Essais sur l’auteur, le religieux, l’histoire et le lecteur

 

Jean-Christophe Mayer

 

Berne : Peter Lang, 2012

 Broché. xi+305 p. ISBN 978-3034311960. 80,30 €

 

Recension de Sophie Chiari

Université d’Aix-Marseille

 

 

Dans son dernier ouvrage, Jean-Christophe Mayer, directeur de recherche au CNRS, se donne pour ambition de comprendre, d’analyser et de remettre en question les théories postmodernistes et poststructuralistes appliquées au champ des études shakespeariennes tout en s’appuyant sur les travaux des philosophes du langage, des linguistes, des spécialistes des sciences cognitives, des sociologues et des historiens. Il aborde ainsi quatre thématiques essentielles, en commençant par la question de l’auteur et de l’ « intentionnalisme » shakespearien (qu’il soit subjectif ou hypothétique), avant de poursuivre par l’expérience du religieux dans l’Angleterre des XVIe et XVIIe siècles et de prendre la mesure de la foi nécessairement hybride du poète dramaturge. Ces deux premiers chapitres mènent tout naturellement l’auteur à l’étude de la mise en scène de l’histoire dans les deux tétralogies de Shakespeare, dans lesquelles le barde prend un malin plaisir à relier les événements de son temps aux faits marquants du passé, et à l’analyse du subtil jeu de « référence croisée »—expression empruntée à Paul Ricœur [152]—entre l’historiographie et la fiction. Shakespeare et la postmodernité s’achève sur un retour au lecteur et à la matérialité du livre dans le cadre des études shakespeariennes, à une époque où l’essor des « performance studies » (principalement lancées par J. L. Styan dans The Shakespeare Revolution, publié en 1977) tendrait presque à faire oublier l’importance du texte imprimé et de l’imaginaire qu’il suscite.
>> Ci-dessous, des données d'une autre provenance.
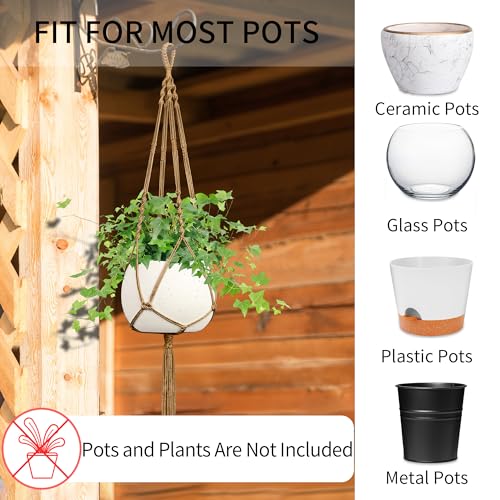 Macrame Plant Hanger - Fits 4-13 Inch Pots, 3-Pack, Brown - color: 34+41+46 Inch Brown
Tout au long de ces chapitres, Jean-Christophe Mayer retrace l’histoire des théories critiques qui ont traversé les XXe et XXIe siècles en en dénonçant les principales apories et en remettant au cœur de la critique shakespearienne les enjeux complexes liés à la production d’une œuvre qui ne peut trouver son sens que dans une dimension ou dans une approche collective. Car, selon Mayer, l’œuvre dramatique « est le produit d’une multitude d’agents impliqués à des degrés divers dans la production du texte : dramaturge, collaborateurs éventuels, imprésarios, comédiens, puis imprimeurs, typographes, personnels des maisons d’édition, éditeurs scientifiques, etc. » [268].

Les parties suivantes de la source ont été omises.